Space

October 6, 2017
 

ULA launches electronic eavesdropping satellite for NRO

Tags:
Peter W. Merlin
special to Aerotech News

vandenberg1
A United Launch Alliance Atlas V rocket lofted a classified intelligence-gathering payload into orbit for the National Reconnaissance Office late Sept. 23.

Since its formation in 2006, ULA — a joint venture between Boeing and Lockheed Martin — has launched 25 NRO satellites on secret national security missions using various boosters from the workhorse Atlas and Delta families.

A team of personnel from ULA and the 30th Space Wing at Vandenberg Air Force Base, Calif., successfully completed the countdown sequence at 10:49 p.m., sending the rocket into clear skies off the coast of Southern California.

Liftoff was postponed several times in recent weeks. Originally targeted for Sept. 14 the NROL-42 launch was pushed back one week to allow Florida-based ULA employees time to travel home and prepare for the arrival of hurricane Irma, and to evacuate their families.

On Sept. 21, launch officials halted the countdown to replace a faulty battery, postponing the liftoff another 48 hours.

Another unplanned hold occurred during the final countdown sequence due to an unspecified problem that cropped up just two minutes and 39 seconds prior to the new scheduled launch time. Fortunately, the ULA team was able to resolve the issue quickly. The resulting 20-minute delay was well within the available launch window.

As usual for such missions, NRO officials declined to identify the spacecraft, describing it simply as “a national security payload.”
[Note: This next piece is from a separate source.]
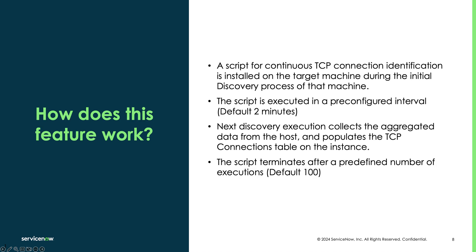How does it work? After turning on ADME, Discovery will install and launch a script on the host which collects and aggregates connection data over several hours. Once Discovery runs on that host during the following schedule, it will retrieve the collected data and update the TCP connection table on the instance with the newly discovered connections.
The satellite was lofted into a highly elliptical polar orbit to provide worldwide coverage. Similarities to the launch requirements and orbital characteristics of previous spacecraft, such as the NROL-34 and NROL-35 satellites that were launched in April 2011 and December 2014, have led some civilian analysts and satellite watchers to conclude that it will be used for collecting electronic signals intelligence.

Reports indicate it may also be carrying a sensor package equipped with an infrared imaging system to detect launches of enemy missiles. This capability is particularly relevant in the wake of recent threats by North Korean leader Kim Jong Un, who claims his country has developed rockets with sufficient range to deliver a lightweight thermonuclear warhead to North America.